Start of Material provided

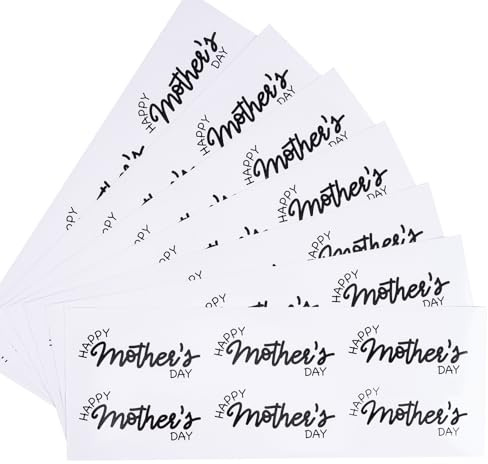 RUSPEPA Muttertags-Blumenaufkleberbogen – Aufkleber mit Schriftzug „Alles Gute zum Muttertag“, 3,5 x 7,5 cm, 200 Stück, Geschenk für Mütter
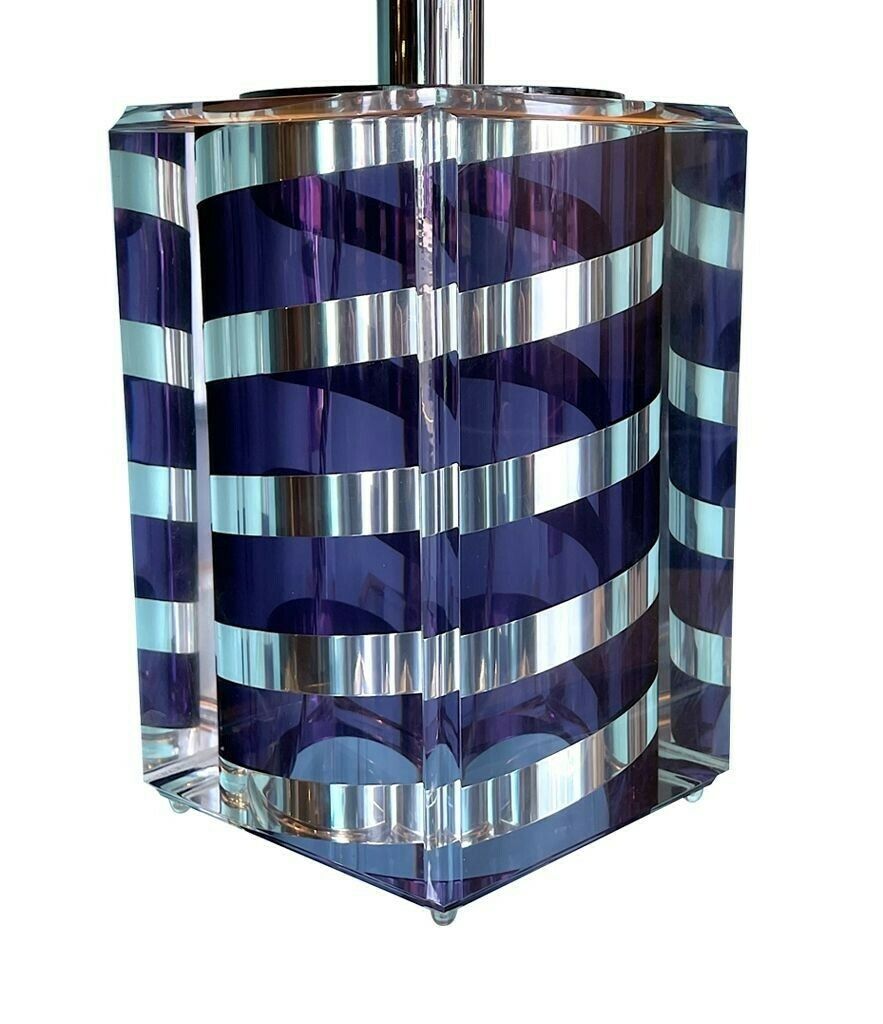 photo buy A Large Italian 1970s Romeo Rega Lucite And Chrome Lamp In Purple And Chrome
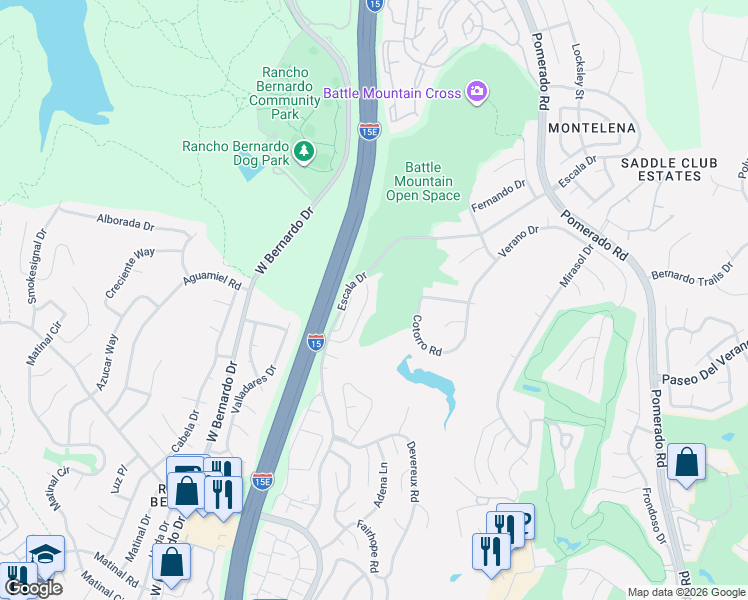 map of restaurants, bars, coffee shops, grocery stores, and more near 18151 Colonnades Place in San Diego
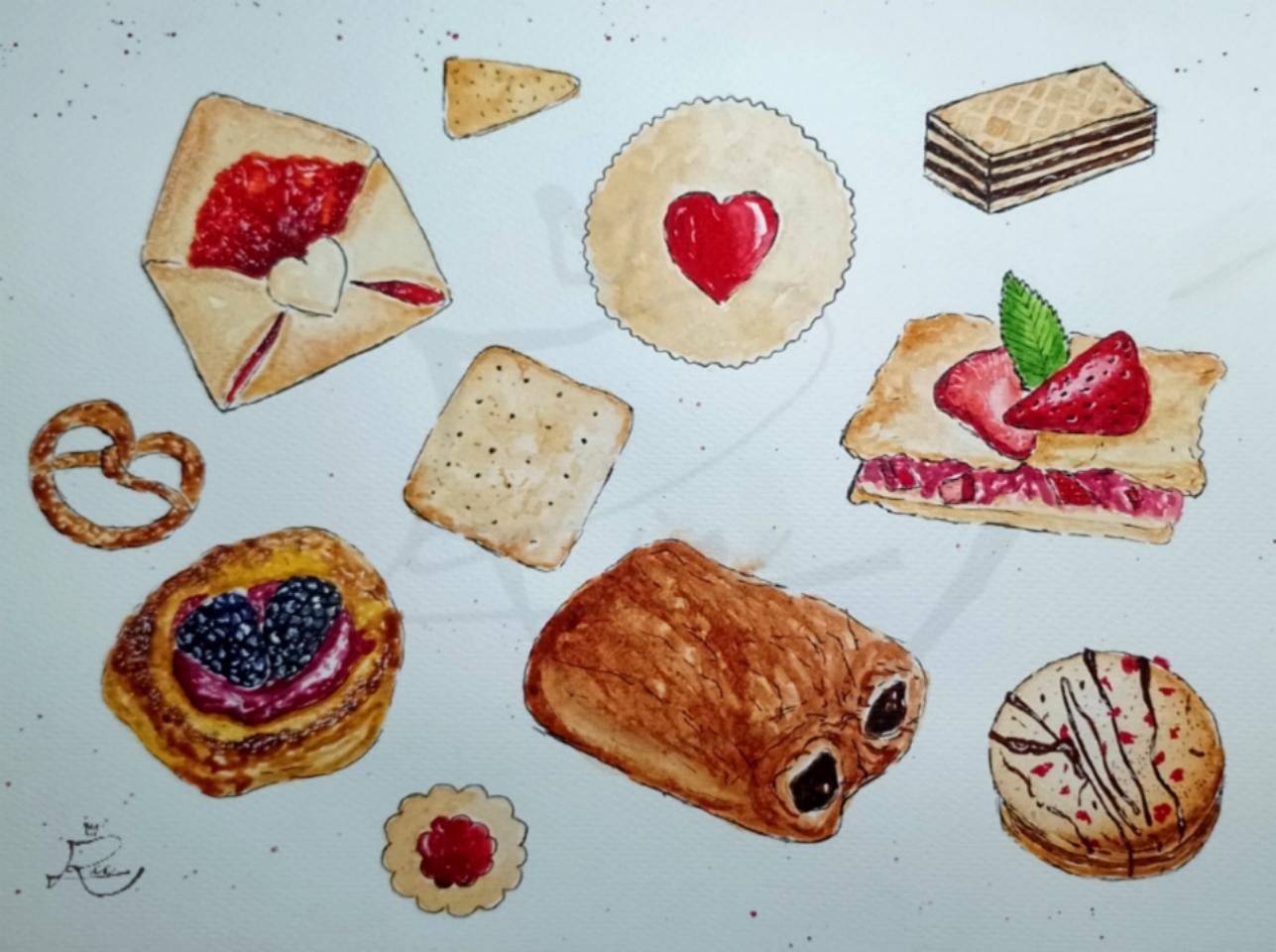 Fun and Easy Watercolors: Drawing cookies and pastry - image 1 - student project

End of Material provided

**Task brief**.
Write out the lines of the listing from the one that holds "map of restaurants, bars, coffee" to the very last line, both included, exactly as they appear and without any pictures.

**Solution**.
 map of restaurants, bars, coffee shops, grocery stores, and more near 18151 Colonnades Place in San Diego
 Fun and Easy Watercolors: Drawing cookies and pastry - image 1 - student project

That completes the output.